• ACTIVITY
Write out again, unchanged, the line that has "Ubiquiti - NanoSwitch - N-SW" and each following line through the end of the entries below; leave pictures out.

-------- MATERIAL FOR THIS TASK

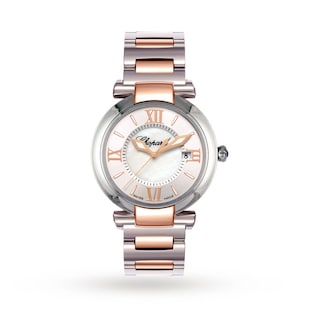 Chopard Imperiale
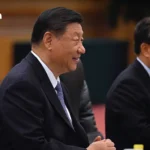 中国在泰工作许可持有者数量首超日本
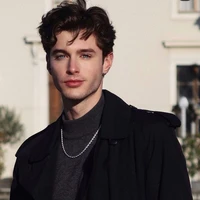 EMIR MENDOZA
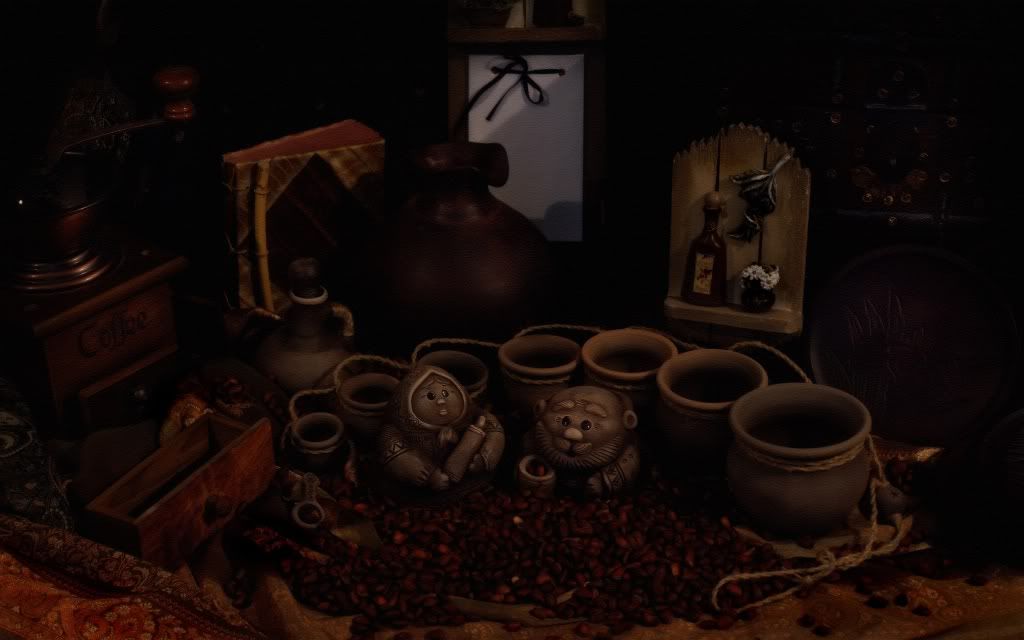 vladstudio_deddababa-2560x1600.jpg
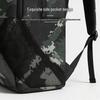 Xinkaida 511 Tactical Camouflage Backpack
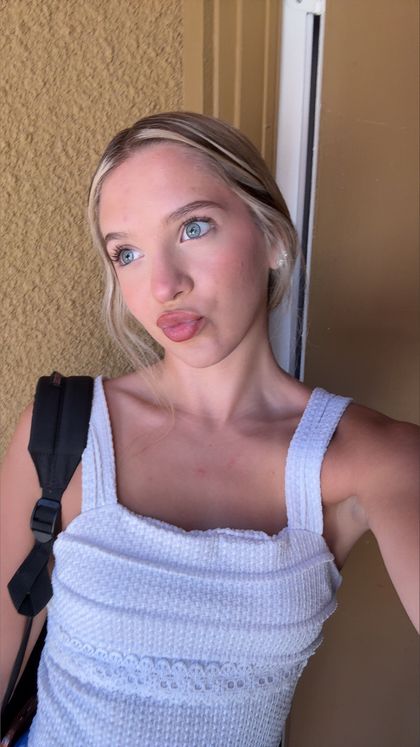 baileythompsonxo OnlyFans picture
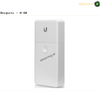 Ubiquiti - NanoSwitch - N-SW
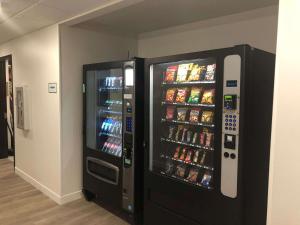 LikeHome Extended Stay Hotel Columbus
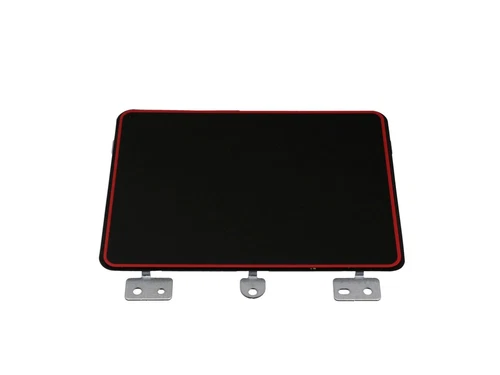 Acer 56.Q3JN2.001 Original Touchpad Board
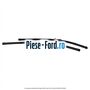 1 Set stergatoare fata flat blade Ford Kuga 2013-2016 2.0 TDCi 4x4 136 cai diesel | Foto 1 #08DB601052
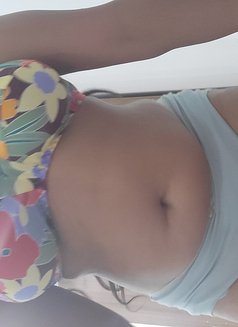 Ishini Cam Show Only - escort in Colombo Photo 2 of 11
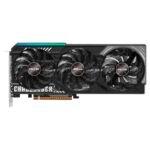 Placa Gráfica AsRock AMD Radeon RX 9070 Challenger 16GB GDDR6 - Image 4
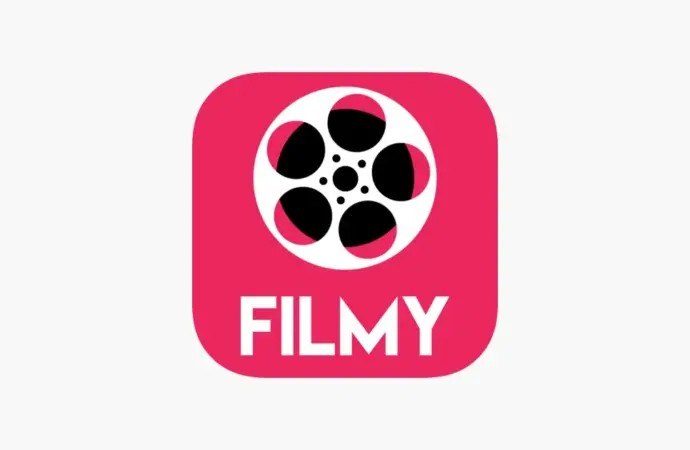 Filmy filmy: The Transition from Advertising to Filmmaking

----------------

• RESULT BELOW
 Ubiquiti - NanoSwitch - N-SW
 LikeHome Extended Stay Hotel Columbus
 Acer 56.Q3JN2.001 Original Touchpad Board
 1 Set stergatoare fata flat blade Ford Kuga 2013-2016 2.0 TDCi 4x4 136 cai diesel | Foto 1 #08DB601052
 Ishini Cam Show Only - escort in Colombo Photo 2 of 11
 Placa Gráfica AsRock AMD Radeon RX 9070 Challenger 16GB GDDR6 - Image 4
 Filmy filmy: The Transition from Advertising to Filmmaking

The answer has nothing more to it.